Since R Square is a proportion, one might think that the usual 95% would be the threshold — correct?
It may be surprising, but most of the cutoff values used in statistics are quite arbitrary. This includes the p-value cutoff of 5% for hypothesis tests and confidence intervals. This discussion of p-values is important because in the discussions of R2 and S below I assume that the p-value for the model is “statistically significant.” In other words, I discuss the cutoffs for R2 and S values based on the assumption that both are from statistical models that meet an arbitrary cutoff for the model’s p-value!
With R2 no arbitrary cutoff has ever become the accepted norm. Thus the advice that R2 should be “large.” In this case, large is in the eye of the experimenter. Indeed, what is considered large varies a great deal according to the type of experiment being conducted. In social science experiments researchers are delighted with statistically significant R2 values as low as 0.2 or even lower. In hard science and engineering experiments R2 values greater than 0.9 is often expected. As a general rule, the more the researcher knows about the science, the better controlled the experiment can be and the expectation for R2 increases.
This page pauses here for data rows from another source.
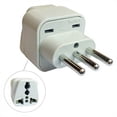 thumbnail image 1 of WA-12A - ADAPTATEUR DE VOYAGE FICHE ITALIENNE 3P VERS JACK UNIVERSEL, 1 of 1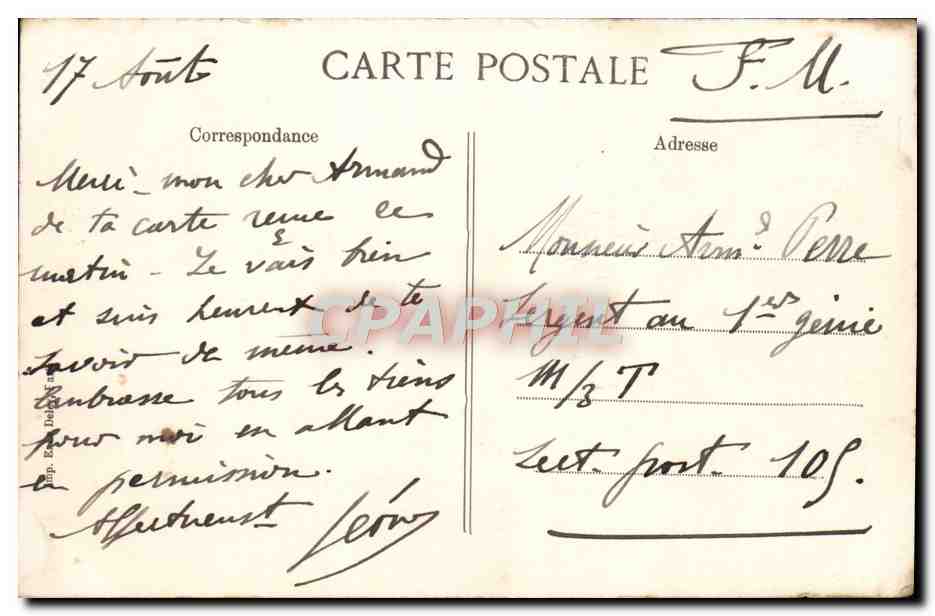CPA Clermont en Argonne Vue d'ensemble Militaria — Rückseite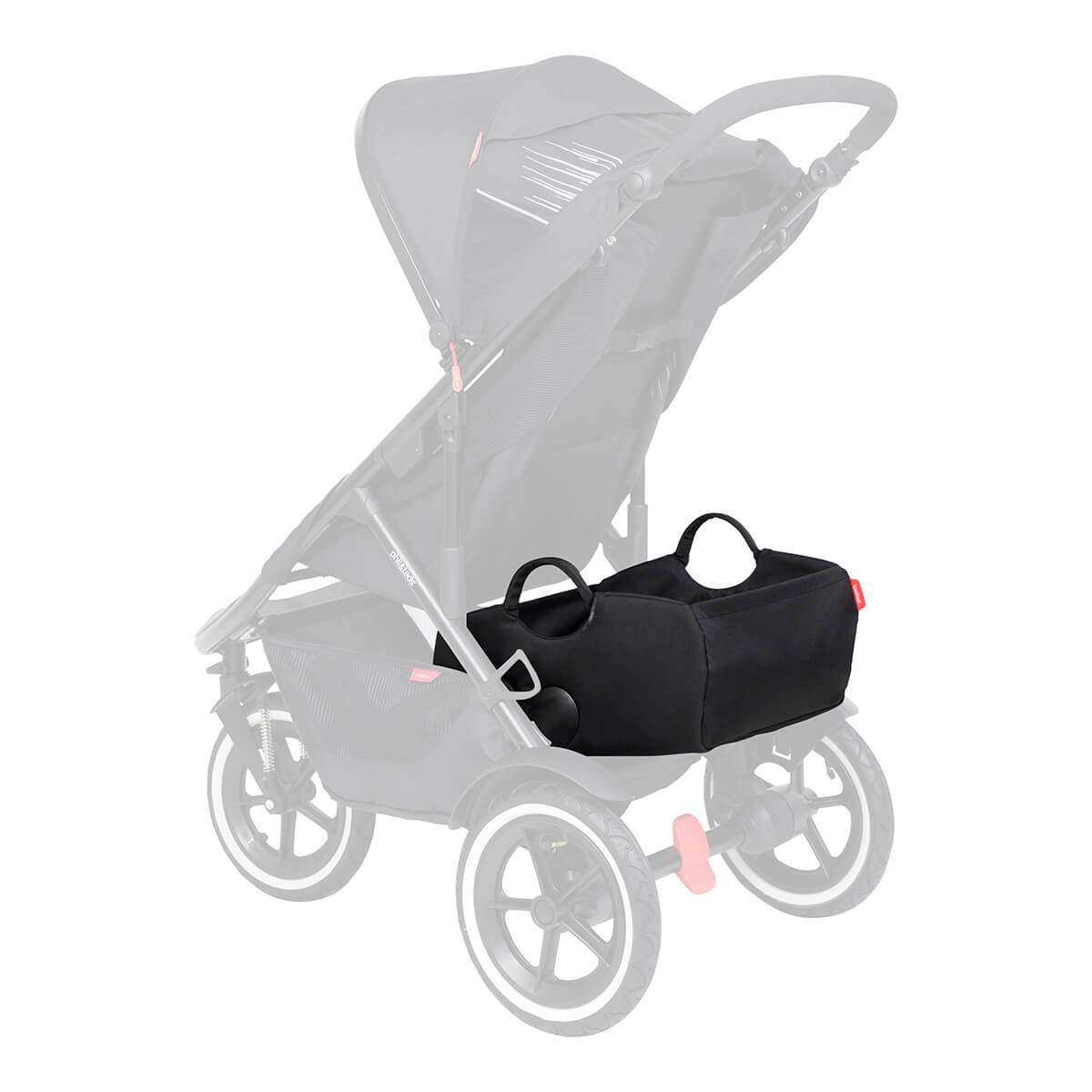 Black stroller carrycot for Phil&Teds Tote Inline Storage with Toshi Baby Romper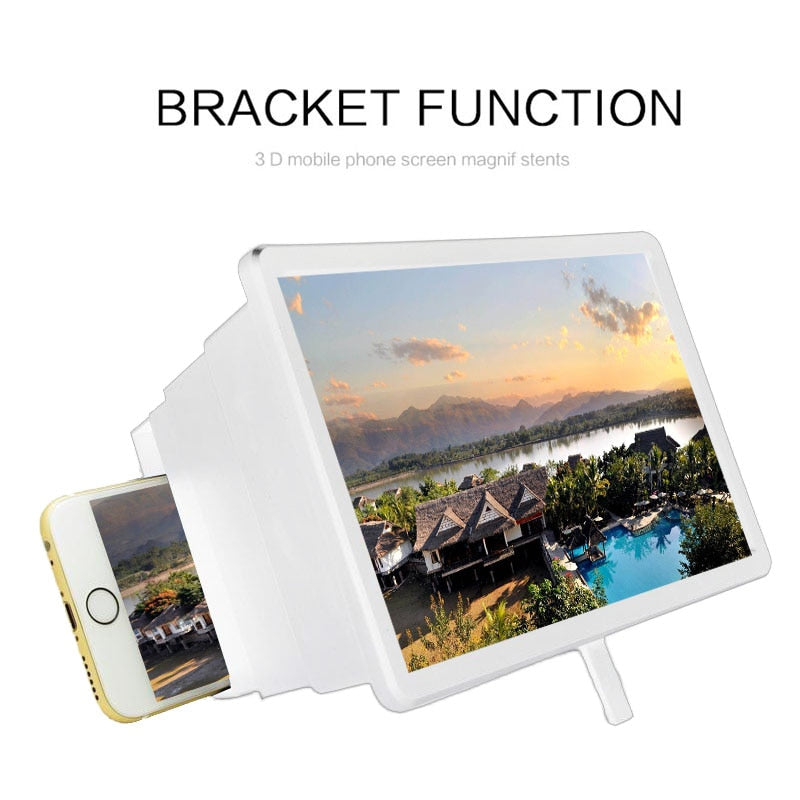 Portable Screen Magnifier Cellphone Projector Enlarged Amplifier Mobile Bracket Desktop Holder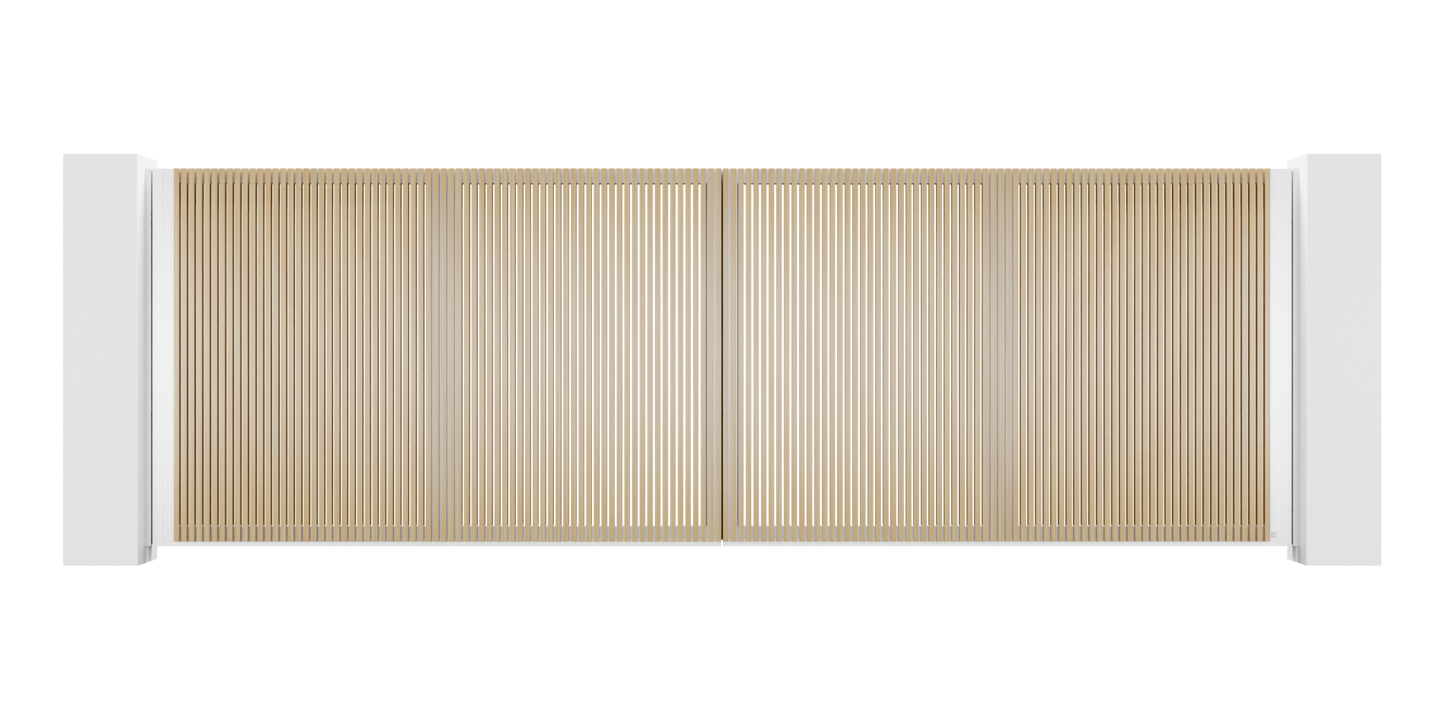 Extruded Design Trackless Folding Gate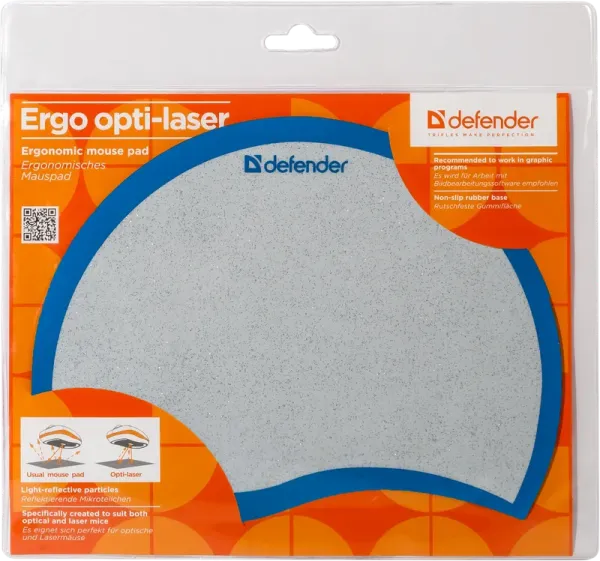 Коврик DEFENDER Ergo opti-laser (Синий) (215х165х1.2мм) 1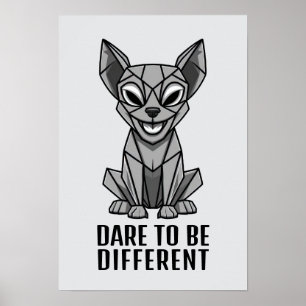 Poster Cão Geométrico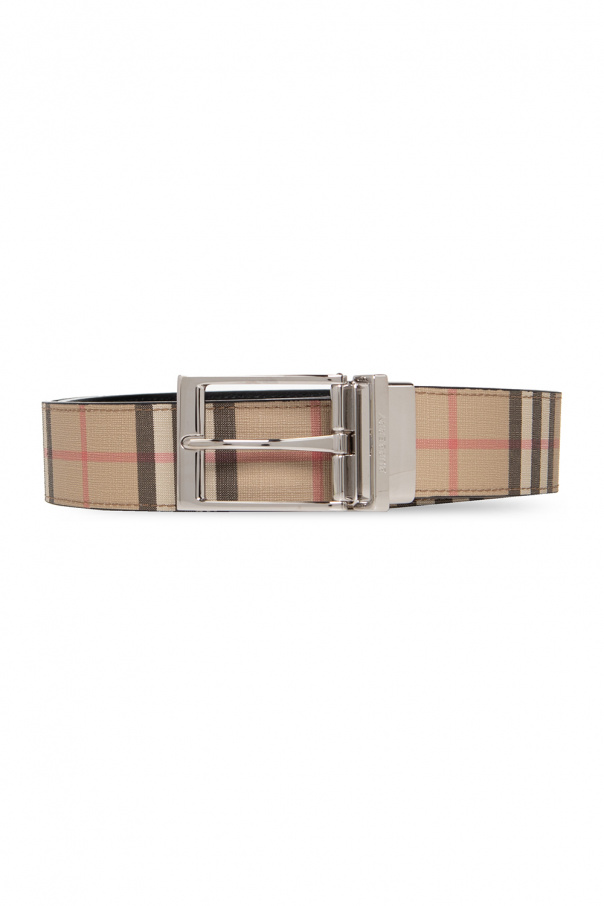 Burberry reversible louis check-print belt M 42 2024 105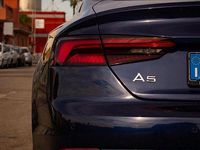 Usata Audi A5 S-Line 190 CV (139 kW) 2019 Blu Coupé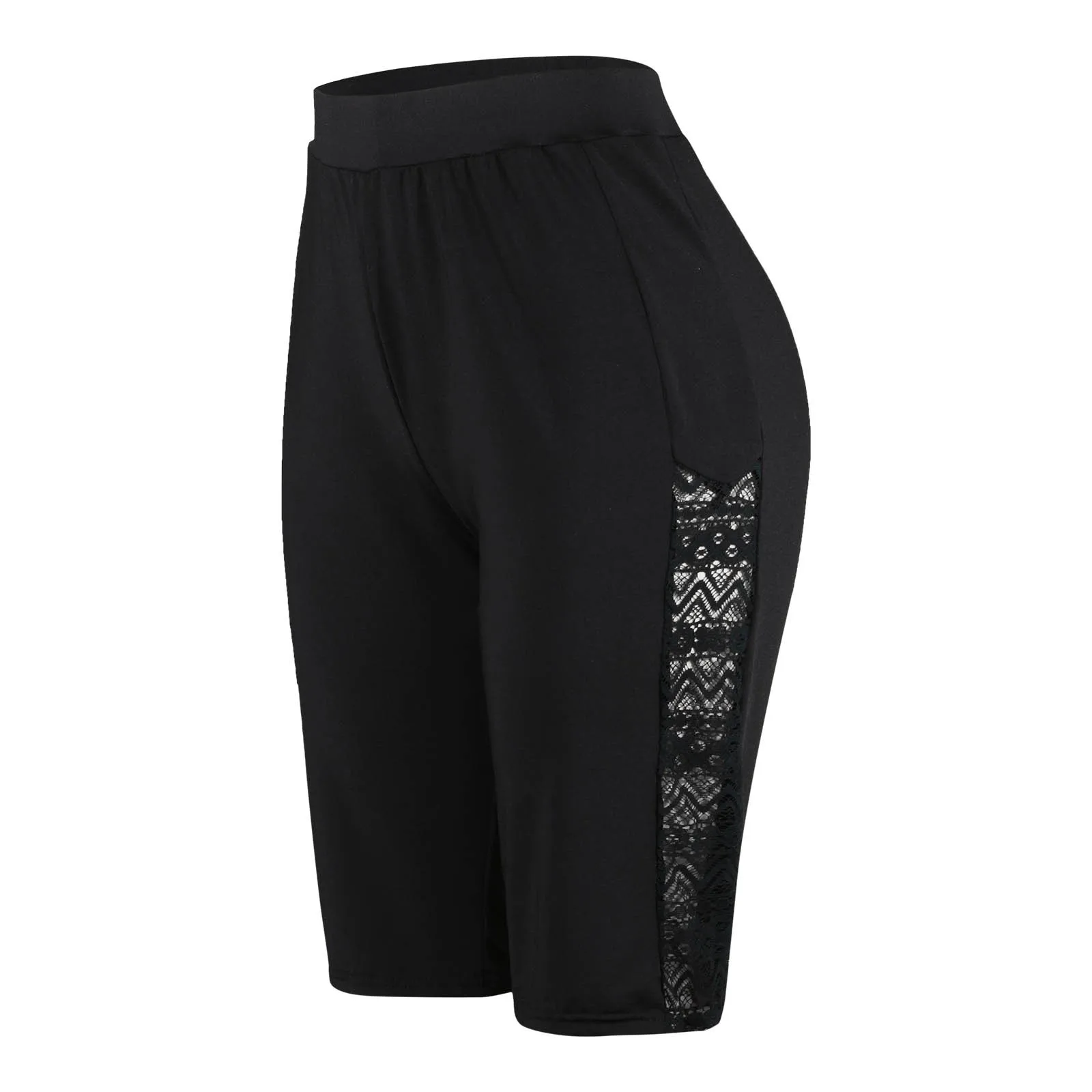 섹시한 하이 웨이스트 비키니 하의 레이스 속건성 수영복 반바지, 비치웨어 수영복 바지, 수영 트렁크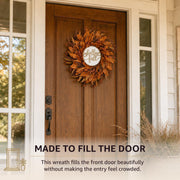 KAI-ROAD Fall Eucalyptus Wreath, 26 Inch, Yellow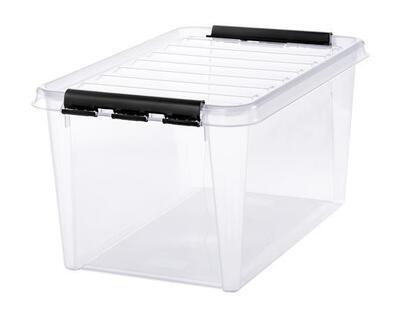 Úložný box "Classic 45", průhledný, plast, 47 l, černé úchytky, SMARTSTORE 3476070 - 8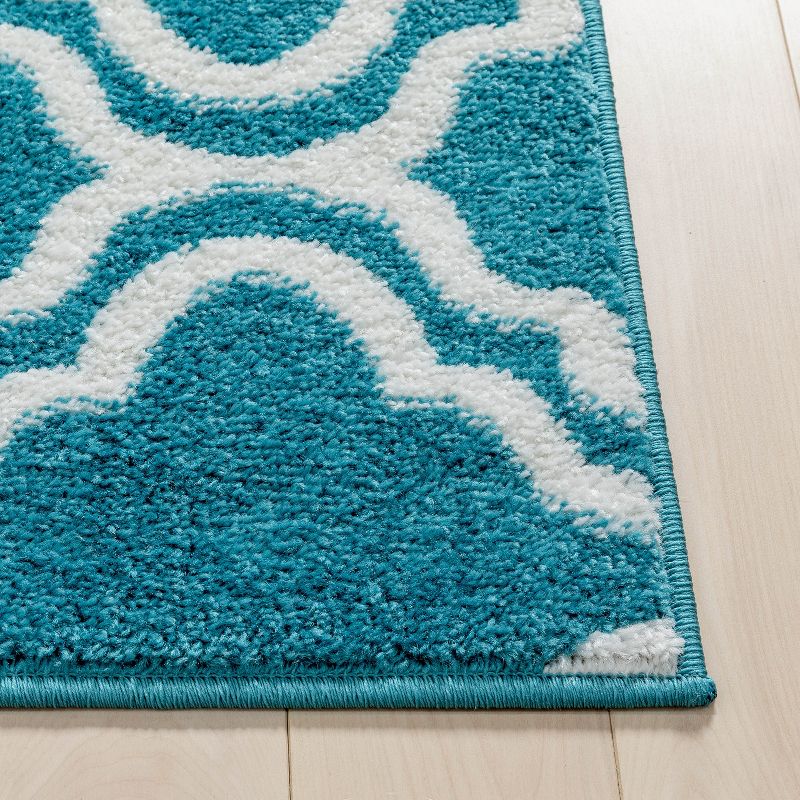 Modern Calipso Lattice Trellis Bright Kids Room Carpet Soft Durable Area Rug, 4 of 7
Obviously, humans behavior is poorly understood, to the point where some question the usage of the term “Social Science.” So R2 values that physicists and engineers would dismiss out-of-hand are acceptable in that field.
In Lean Six Sigma we usually find ourselves somewhere in the middle of these two extremes. If our projects involve customer responses, then statistically significant R2 values around 0.5 might be enough to give us the direction we need for improvement. But if we are improving, say, cycle time through a a process, then our threshold would be higher, perhaps 0.7. Still, as you can tell, these are arbitrary. The point is that we want our data to point us in the right direction for making improvements. What R2 value will do this for us varies on a case-by-case and project-by-project basis.
The proper value for the standard error, S, is also subject-matter and experiment or project specific. In fact, S and R2 are just two different ways of describing the same thing: how well the statistical model fits the data. R2 is a proportion or percentage, while S is in the units of the response variable. S is the standard deviation of the residuals (model errors.) Since residuals from good models are normally distributed, the S value can be used to model the distribution of modeling errors in the same units as the response variable. This often makes it easier for subject-matter experts to tell you, the Black Belt, what an acceptable value of S should be.
One last thing, there are published papers that treat various statistical cutoff values, such as p-values, much more rigorously. For example, p-value cutoffs based on economic or risk considerations. If you have a deeper interest in the subject these papers are worth looking up. Look in journals such as The Journal of Quality Technology or Quality Engineering. Expect to see a bit of math in these papers.